Avoid large models (70B+) in latency-sensitive paths unless you have dedicated infrastructure.

{ "llm_provider": "groq", "model": "llama-3.1-8b-instant" }

TTS latency

elevenlabs with eleven_turbo_v2 or eleven_flash_v2_5 models minimizes streaming TTS latency.
openai with tts-1 (not tts-1-hd) is faster at the cost of some audio quality.

{ "tts_provider": "elevenlabs", "tts_model": "eleven_turbo_v2" }

Infrastructure

Co-locate your Voxray server in the same cloud region as your provider APIs.
Enable WebSocket write coalescing (ws_write_coalesce_ms) carefully — it reduces syscalls but adds a small fixed latency budget per flush window. Only enable it if you are syscall-bound.
For the absolute lowest end-to-end latency, use the OpenAI Realtime API (realtime provider) which eliminates the STT → LLM → TTS pipeline altogether in favor of a single real-time model.

Use VOXRAY_LOG_LEVEL=debug to see per-stage timing in server logs. Look for STT duration, LLM first-token, and TTS chunk timing to identify your bottleneck before tuning.

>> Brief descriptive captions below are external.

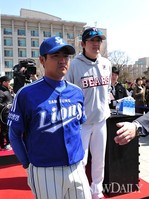 [포토]사인회에 참석한 선수들(프로야구미디어데이)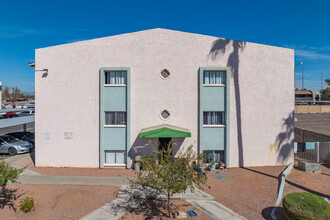 Thunderbird Terrace in Phoenix, AZ - Foto de edificio - Building Photo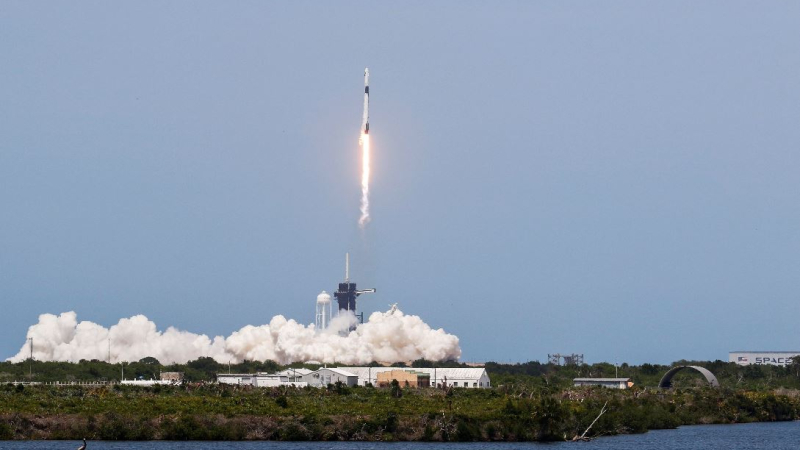 Tras casi 10 años, vuelve a lanzarse un cohete espacial tripulado desde Estados Unidos: puntapié para viajes civiles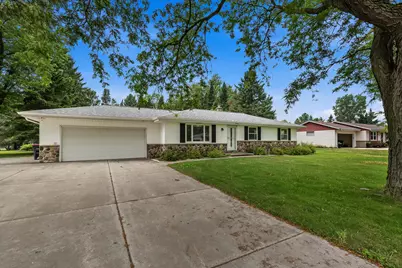 5749  Debbie Ln, West Bend, WI 53095 - Photo 21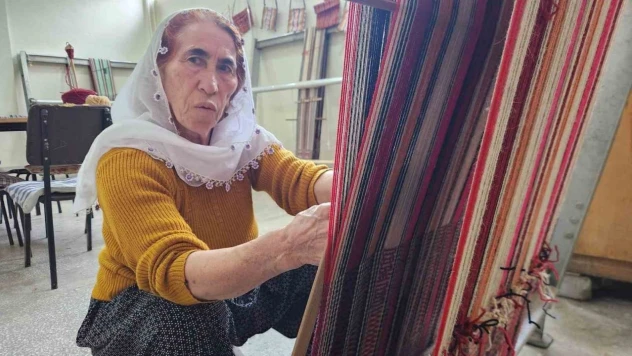 Unutulan 'cacım' dokuma yeniden hayat buluyor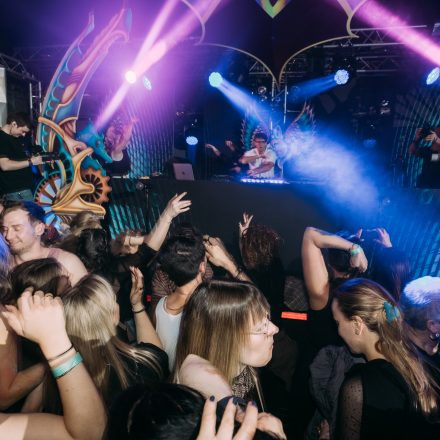 NEELIX and Friends Showcase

Does Voxray support recording calls?

Yes. Voxray has built-in support for recording conversations and logging transcripts.Audio recording to S3:Enable recording in config.json:

{
  "recording": {
    "enable": true,
    "bucket": "my-recordings-bucket",
    "base_path": "recordings/",
    "format": "wav",
    "worker_count": 4,
    "queue_cap": 32,
    "max_retries": 3
  }
}

Or use environment variables:

VOXRAY_RECORDING_ENABLE=true
VOXRAY_RECORDING_BUCKET=my-recordings-bucket
VOXRAY_RECORDING_BASE_PATH=recordings/
VOXRAY_RECORDING_FORMAT=wav

Recordings are streamed asynchronously to S3 from temp files (no full WAV in memory) via a worker pool. Failed uploads are retried with exponential backoff up to max_retries times.Transcript logging to a database:

{
  "transcripts": {
    "enable": true,
    "driver": "postgres",
    "dsn": "postgresql://user:pass@localhost/voxray",
    "table_name": "call_transcripts"
  }
}

Or via environment variables:

VOXRAY_TRANSCRIPTS_ENABLE=true
VOXRAY_TRANSCRIPTS_DRIVER=postgres
VOXRAY_TRANSCRIPTS_DSN=postgresql://user:pass@localhost/voxray
VOXRAY_TRANSCRIPTS_TABLE=call_transcripts

Both features can be enabled simultaneously. Recording and transcript logging are independent.

Ensure your S3 bucket and database are in the same region as your Voxray deployment to avoid high cross-region egress costs and latency on uploads.

How do I add a new provider?

Adding a new STT, LLM, or TTS provider involves four steps:

Create a package under pkg/services/<provider>/ implementing the relevant interface(s) from pkg/services/interfaces.go (LLMService, STTService, or TTSService).
Add a provider constant in pkg/services/factory.go:
```
ProviderMyProvider = "myprovider"
```
Register the provider in the appropriate Supported*Providers slice and add a case to apiKeyForProvider, NewLLMFromConfig, NewSTTFromConfig, or NewTTSFromConfig in factory.go.
Add tests under tests/pkg/ covering the new service.

For a detailed walkthrough including interface contracts, streaming requirements, and test patterns, see the Contributing: Adding Providers guide.

When opening a PR for a new provider, include at least one integration test and document the required environment variables and config keys.